By the way, GH and cortisol levels are correlated, which is often why some associate responses to glycogen-depleting exercise and intermittent fasting with esoteric nonsense that has no basis in scientific research like “adrenal fatigue”. Cortisol levels are meant to go up and down, but they should not go up and stay up while you are sitting down.

Avoid chronic stress, and keep on doing glycogen-depleting exercise and intermittent fasting; there is overwhelming scientific evidence that these things are good for you.

Blood glucose levels in birds are high yet HbA1c levels are low: Can vitamin C have anything to do with this?

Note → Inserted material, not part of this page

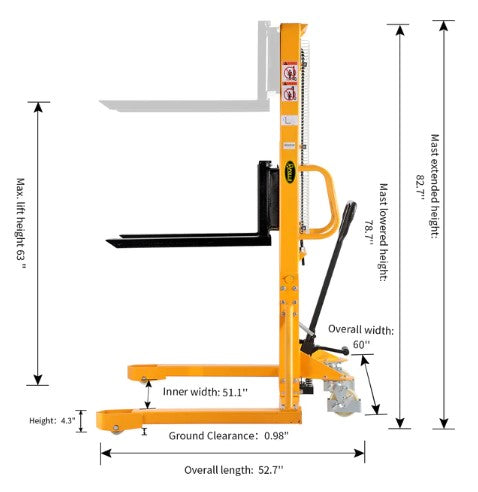 Apollolift A-3004 63" Lifting Height 1100 lbs. Capacity Manual Straddle Stacker New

Blood glucose levels in birds are often 2-4 times higher than those in mammals of comparable size. Yet birds often live 3 times longer than mammals of comparable size. This is paradoxical. High glucose levels are generally associated with accelerated senescence, but birds seem to age much slower than mammals. Several explanations have been proposed for this, one of which is related to the formation of advanced glycation endproducts (AGEs).

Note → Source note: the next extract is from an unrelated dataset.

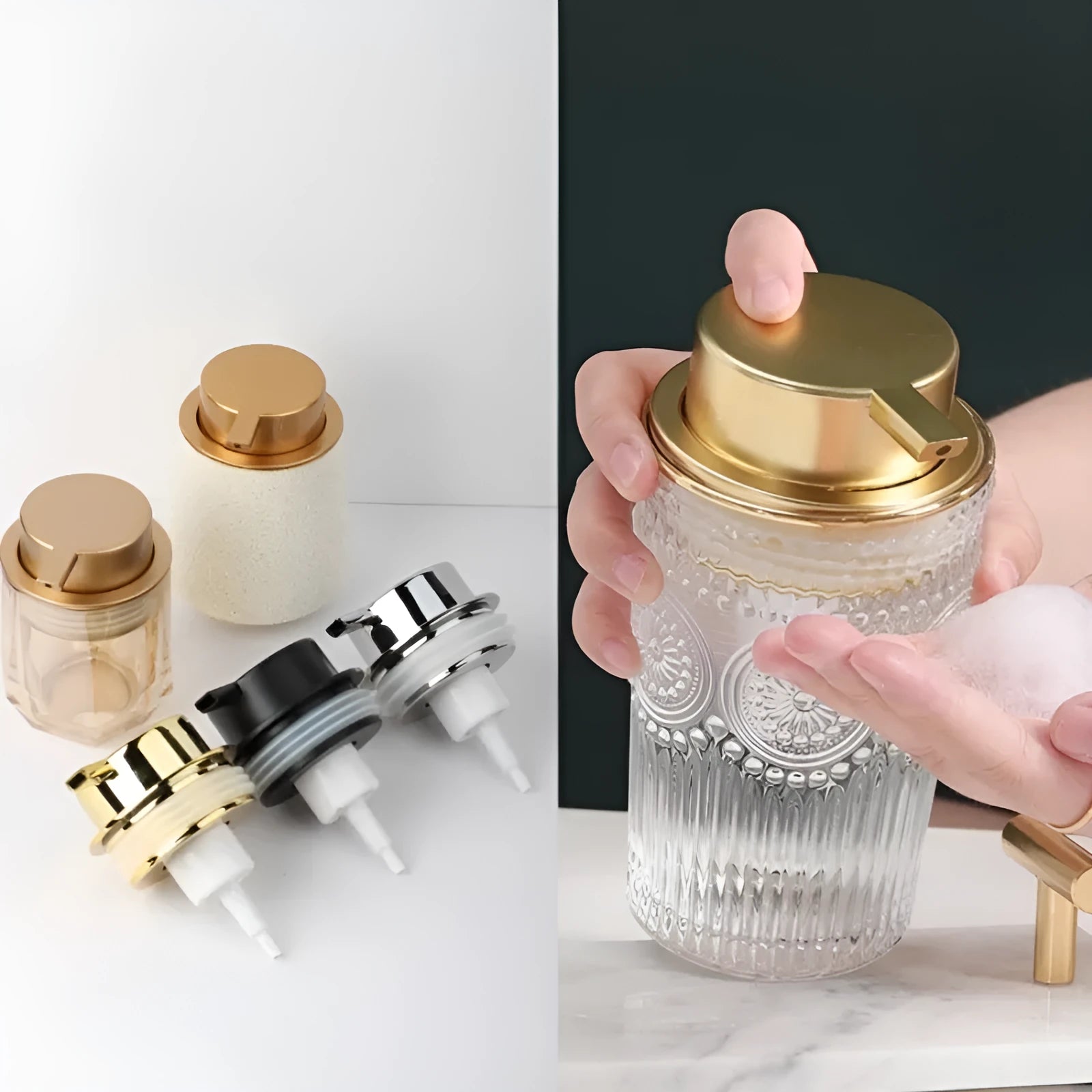 ABS plastic foam pump facial cleanser dispenser with large pump head in hand-push design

Glycation is a process whereby sugar molecules “stick” to protein or fat molecules, impairing their function. Glycation leads to the formation of AGEs, which seem to be associated with a host of diseases, including diabetes, and to be implicated in accelerated aging (or “ageing”, with British spelling).

The graphs below, from Beuchat & Chong (1998), show the glucose levels (at rest and prior to feeding) and HbA1c levels (percentage of glycated hemoglobin) in birds and mammals. HbA1c is a measure of the degree of glycation of hemoglobin, a protein found in red blood cells. As such HbA1c (given in percentages) is a good indicator of the rate of AGE formation within an animal’s body.

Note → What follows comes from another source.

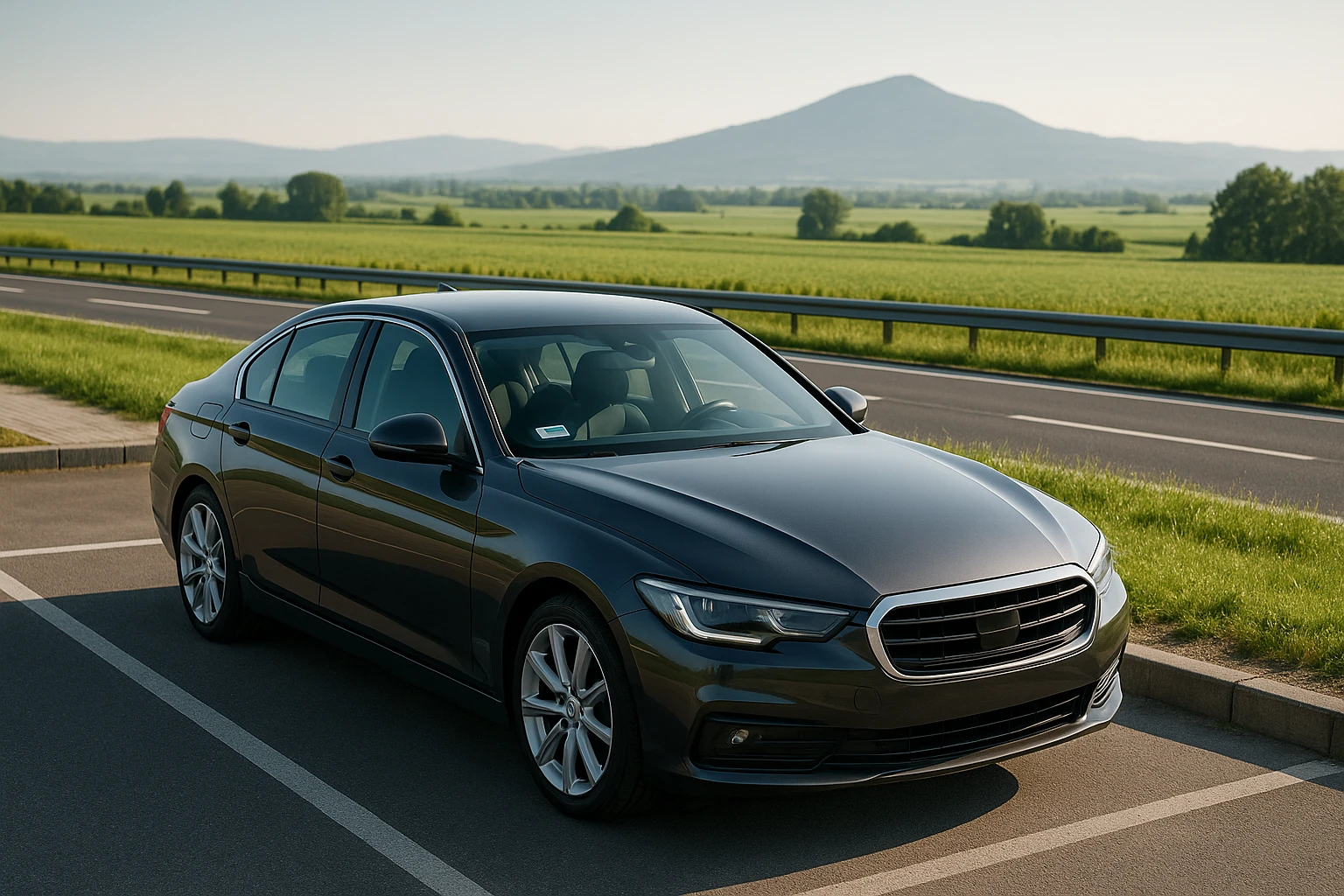 A stylish car parked at a rest area beside a highway, with the electronic toll badge visible through the windshield, surrounded by green fields and a distant mountain range under a bright, clear sky.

The glucose levels are measured in mmol/l; they should be multiplied by 18 to obtain the respective measures in mg/dl. For example, the 18 mmol/l glucose level for the Anna’s (a hummingbird species) is equivalent to 324 mg/dl. Even at that high level, well above the level of a diabetic human, the Anna’s hummingbird species has an HbA1c of less than 5, which is lower than that for most insulin sensitive humans.

How can that be?

There are a few possible reasons. Birds seem to have evolved better mechanisms to control cell permeability to glucose, allowing glucose to enter cells very selectively. Birds also seem to have a higher turnover of cells where glycation and thus AGE formation results. The lifespan of red blood cells in birds, for example, is only 50 to 70 percent that of mammals.

But one of the most interesting mechanisms is vitamin C synthesis. Not only is vitamin C a powerful antioxidant, but it also has the ability to reversibly bind to proteins at the sites where glycation would occur. That is, vitamin C has the potential to significantly reduce glycation. The vast majority of birds and mammals can synthesize vitamin C. Humans are an exception. They have to get it from their diet.

This may be one of the many reasons why isolated human groups with traditional diets high in fruits and starchy tubers, which lead to temporary blood glucose elevations, tend to have good health. Fruits and starchy tubers in general are good sources of vitamin C.

Grains and seeds are not.

References

Beuchat, C.A., & Chong, C.R. (1998). Hyperglycemia in hummingbirds and its consequences for hemoglobin glycation. Comparative Biochemistry and Physiology Part A, 120(3), 409–416.

Holmes D.J., Flückiger, R., & Austad, S.N. (2001). Comparative biology of aging in birds: An update. Experimental Gerontology, 36(4), 869-883.